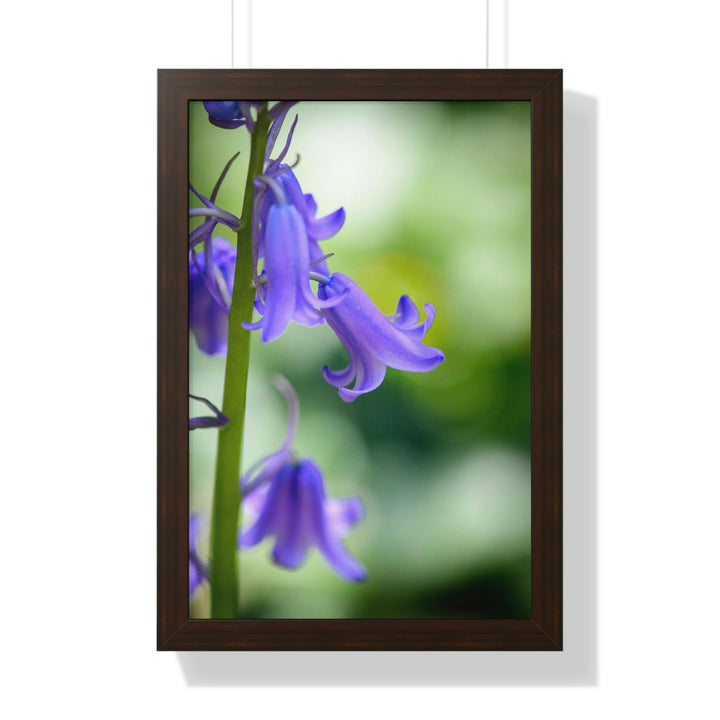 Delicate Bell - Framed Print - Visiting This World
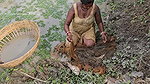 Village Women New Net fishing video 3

··········

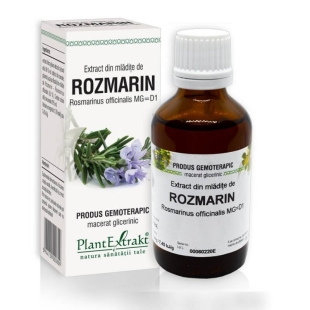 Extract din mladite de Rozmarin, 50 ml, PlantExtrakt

··········

§ Exercise aim
Nothing except the lines from the one containing "Delicate Bell - Framed" through the one containing "Village Women New Net fishing video 3" should appear in the answer, exactly as above and without pictures.

§ The answer
 Delicate Bell - Framed Print - Visiting This World
 Village Women New Net fishing video 3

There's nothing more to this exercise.